If a crowdfunding campaign raises more than that reasonable fee, any overflow must be off-limits to the representing attorney.  Accepting any more than what is agreed upon with the client, or at least what is considered reasonable, could land you in ethical hot water.

Most popular crowdfunding sites are not equipped to deal with this detail. It is left to clients and attorneys using the platforms to deal with the situation if the platform is not equipped with functionality to suitably return or redistribute the excess assets.

Tell a Good Story

Not all clients will have privacy concerns when it comes to their legal matters. This is the best-case scenario as the best way to garner support is with a compelling story.

Whether it’s a David and Goliath situation, a matter of public interest, or just an isolated personal matter, people are more likely to back campaigns that interest them in some way.

Appealing to the masses’ better angels or rebellious nature or whatever you need to isn’t wholly dissimilar to winning over a jury. Moreover, have a strong narrative is particularly helpful on social media sites. Pew Research Center reports that nearly 2/3 of adults obtain their news from social media sites.

The more interested in your campaign people are, the more likely they are to share it. Before you know it, your story could reach audiences you never even considered.

Access to Justice

There is no debate that disparities in financial circumstances from person to person, or business to business, can cause a gap in access to justice at large. Put differently, those who can afford to fund legal matters have greater access to seek justice, while those who cannot, have little to none.

Thusly, the ABA Standing Committee on Ethics and Professional Responsibility published Formal Opinion 484, which approves of various methods of legal fee financing, in an effort to close the access gap.

Traditional forms of fee financing often took the form of loans with varying interest rates (depending on the lending institution or, in some cases, individual).

However, these traditional methods do not go far enough.

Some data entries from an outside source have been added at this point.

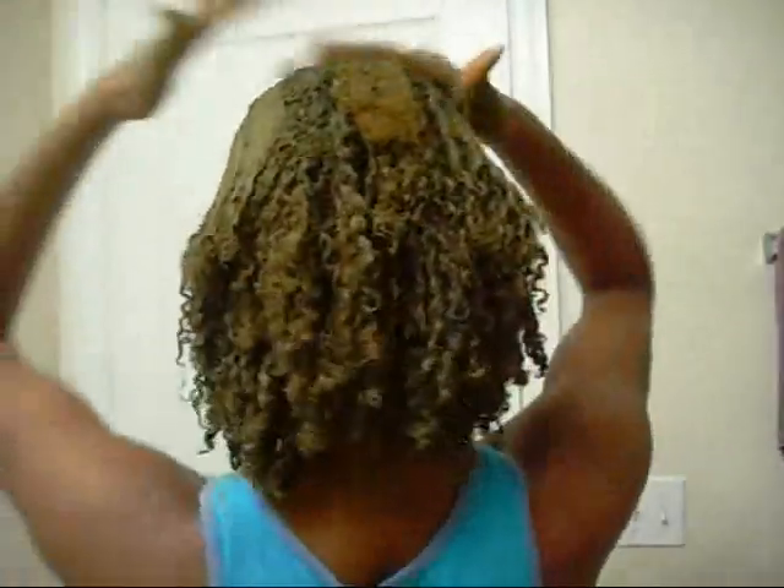Here I don't even have enough to apply on my edges. So I'm just going to scrape and get it on there. And that's it. Right now I'm going to put on a plastic cap — you can see the back. It's going to be like She-Hulk, except for the green.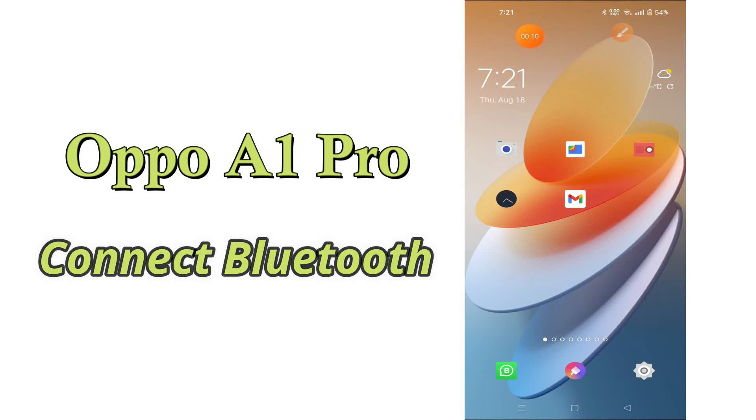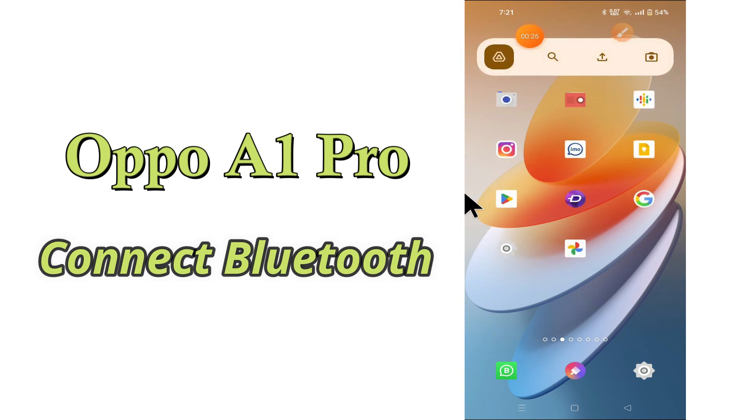Hi everyone, today in this video I'll tell you how you can connect Bluetooth accessories to your device, Oppo A1 Pro. I'll tell you a few tips and tricks that you can use to do it. Before we start, if you are new to my channel, don't forget to subscribe and press the bell icon. Watch the complete video and learn how you can do it. Let's watch.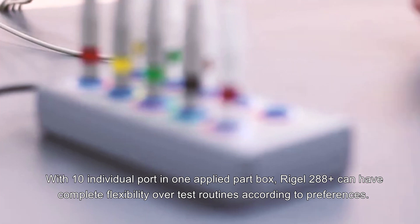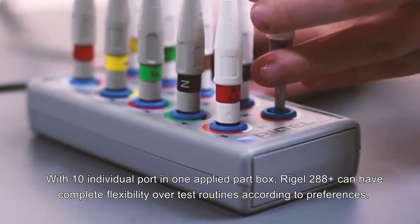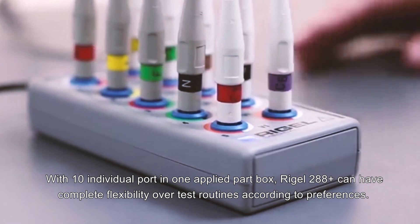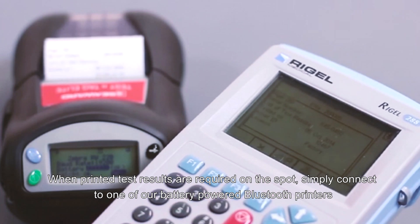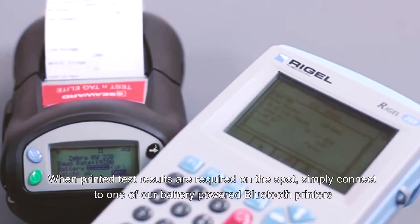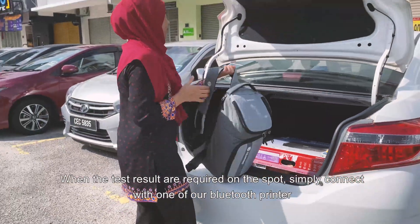With 10 individual ports in one applied part box, the Rigel 28A Plus offers complete flexibility over test routines. When printed test results are required on the spot, simply connect to one of our battery powered Bluetooth printers.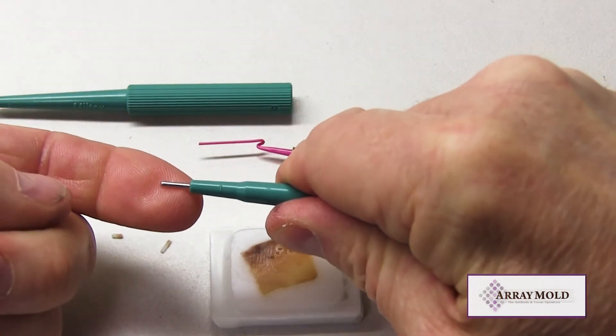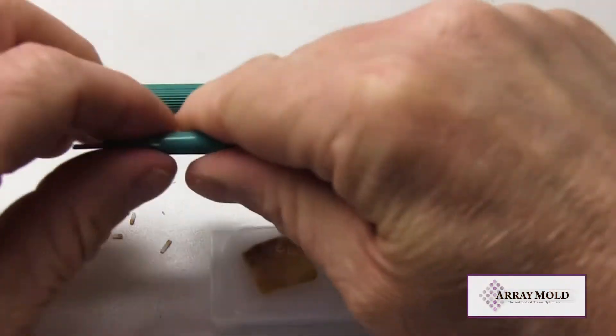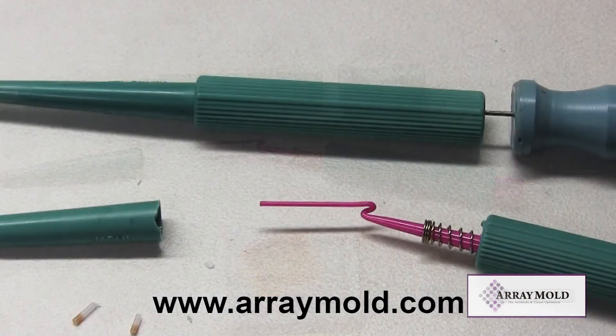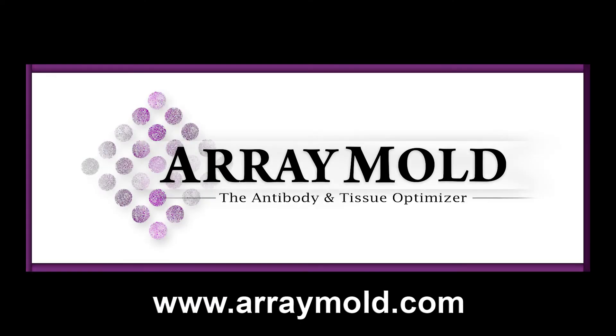These needles are also slightly different in size, so they are not interchangeable. You can only use that specific needle with the TMA instrument it was designed for. Please visit our website at arraymold.com to watch more instructional videos on tissue microarray construction. Thank you.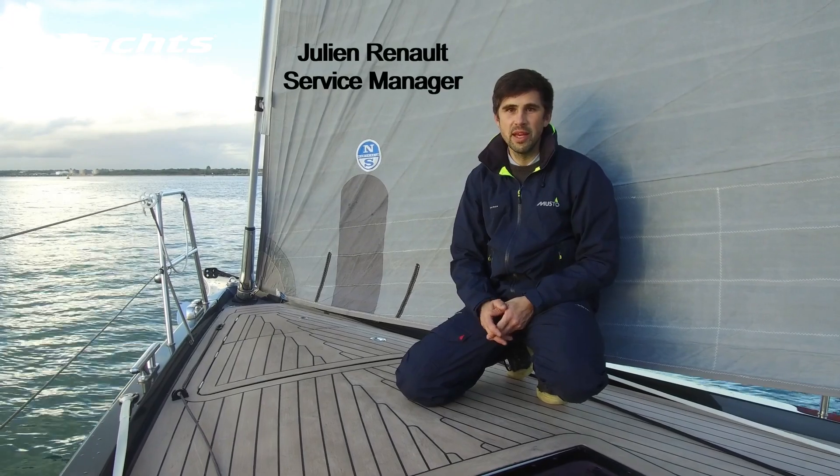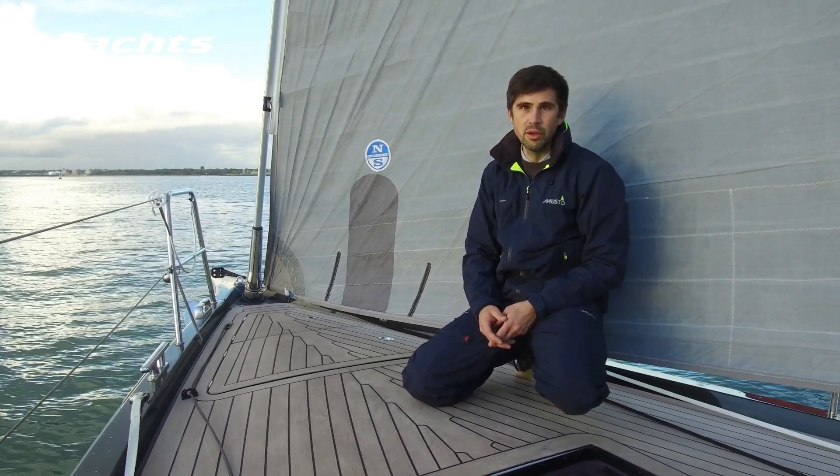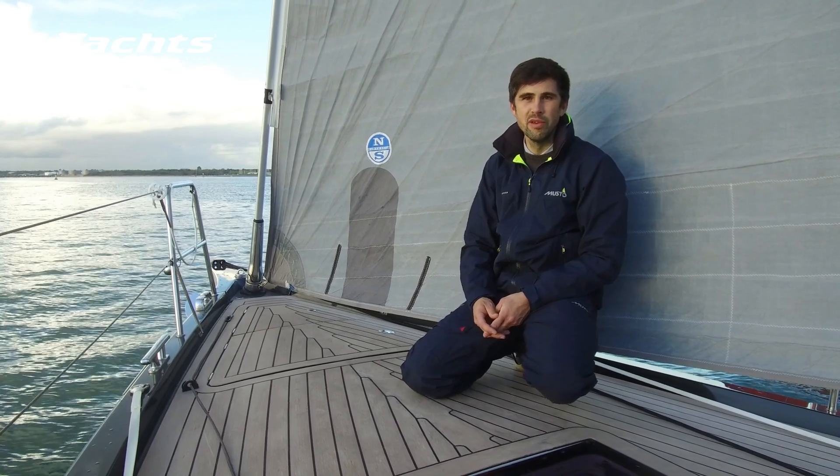Hello, my name is Julian from Exeo to Great Britain and today we would like to give you a few tips on how to reef your furling jib.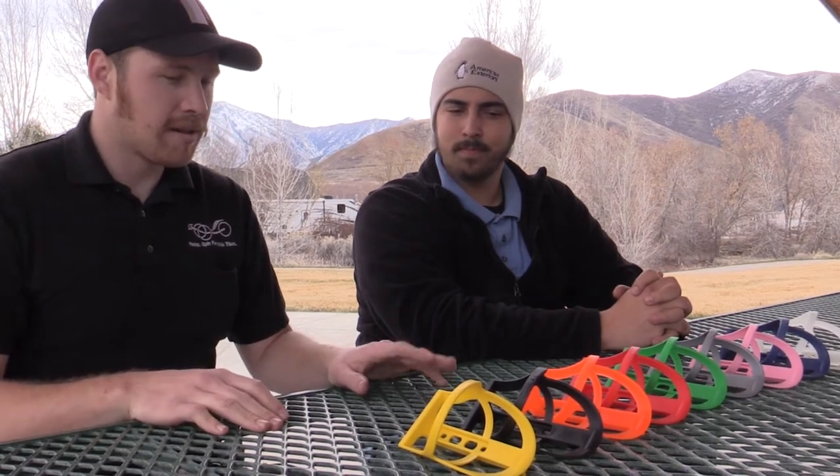So it works better than a metal cage and it's lighter too. I don't remember the exact weight, but your average metal cage is several grams heavier than these ones are.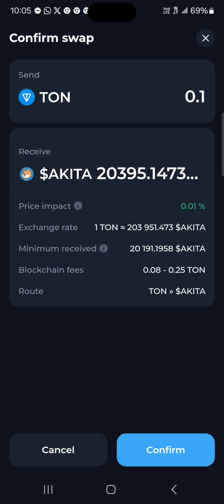All you need to do is click on Confirm to complete the transaction. That's how it works — just click on Confirm and you get the token added to your wallet. So that's how you can add tokens to your wallet — it's a simple swap.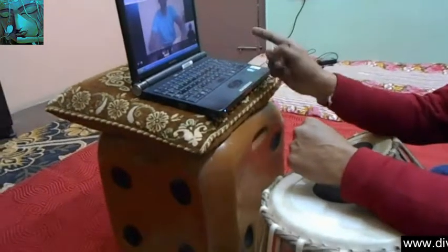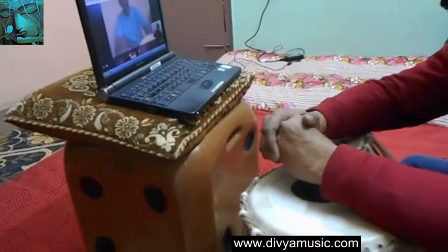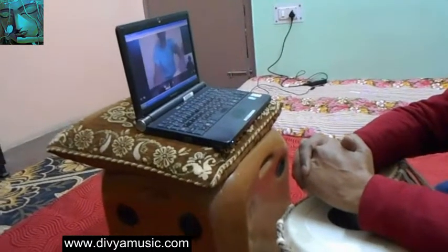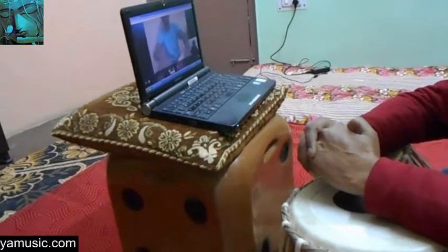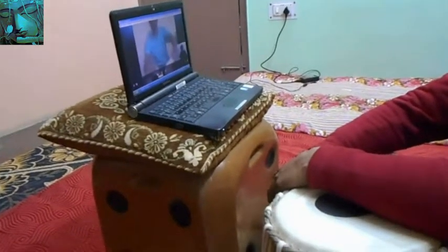Yes, so now add these little bols with the Teen Tal — go ahead and play. Yes, that was nice! Okay, I got it, I got it. The last one, the last one.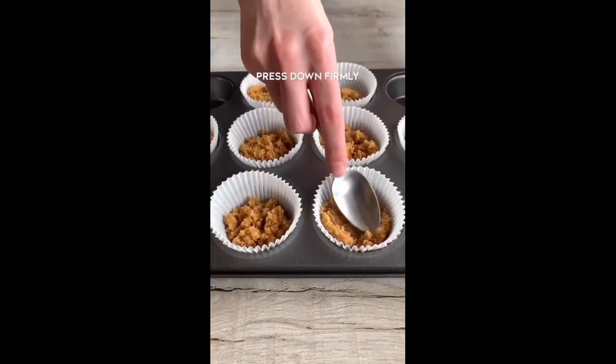I use cupcake cases as this makes it a lot easier to take them out. You could also turn this recipe into a big cheesecake.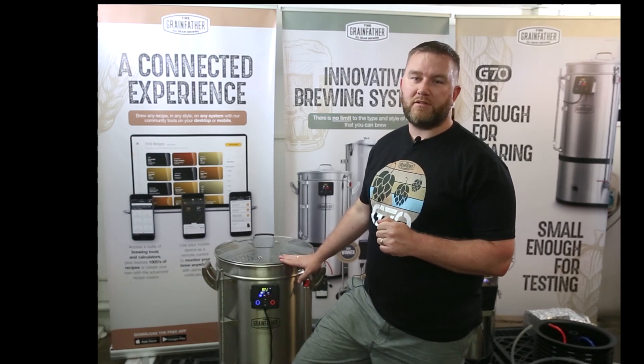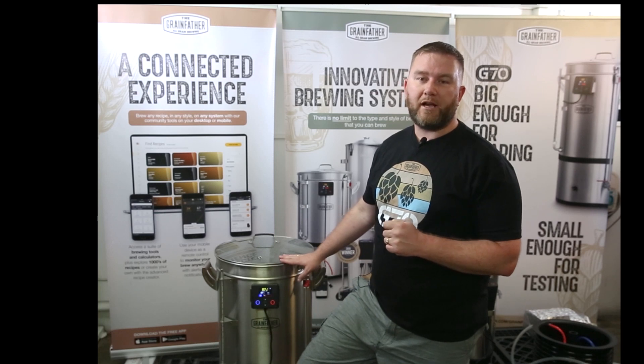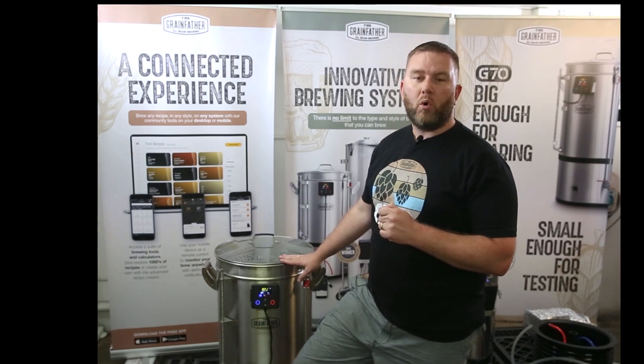The G70 is designed to brew larger batches. The 70 litre maximum pre-boil volume and a 17 kilo maximum grain bill is fantastic for brewing pilot sized batches, or to brew beer of any style to share with your friends.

Using loans to help broaden access to justice offers a topical solution to a systemic issue.

As Jason Tashea writes for the ABA Journal, “The access-to-justice gap doesn’t exist because of absence of loans or the lack of technology or the intractable billable hour. It exists—and continues to grow—because the cost of life in America has increased dramatically while wages for most Americans have been stagnant or even falling for decades.”

The solution is not to create even more debt for those who are already struggling financially. More creative solutions – like crowdfunding – need to be found and implemented to take greater strides in leveling the playing field.

The concept of crowdfunding can be applied to soothe some of the symptoms like providing greater access to justice, without crushing a client with additional debt.

Conclusion

Crowdfunding legal matters does not address the root causes of economic disparity and the legal and social gaps created by it.  What it can do is offer attorneys the means to take on matters that would have otherwise been cost-prohibitive, from clients who would have otherwise missed out on access to justice.

The ethical concerns associated with crowdfunding at large are not entirely unfounded, but most of them are already satisfied by existing rulings from bar associations on more traditional financing solutions. Moreover, the malleability of crowdfunding as a tool allows adaptation when ethically necessary.

The benefits are tangible. Crowdfunding offers a forward step towards more universal access to justice in a way that is beneficial to both clients and attorneys alike.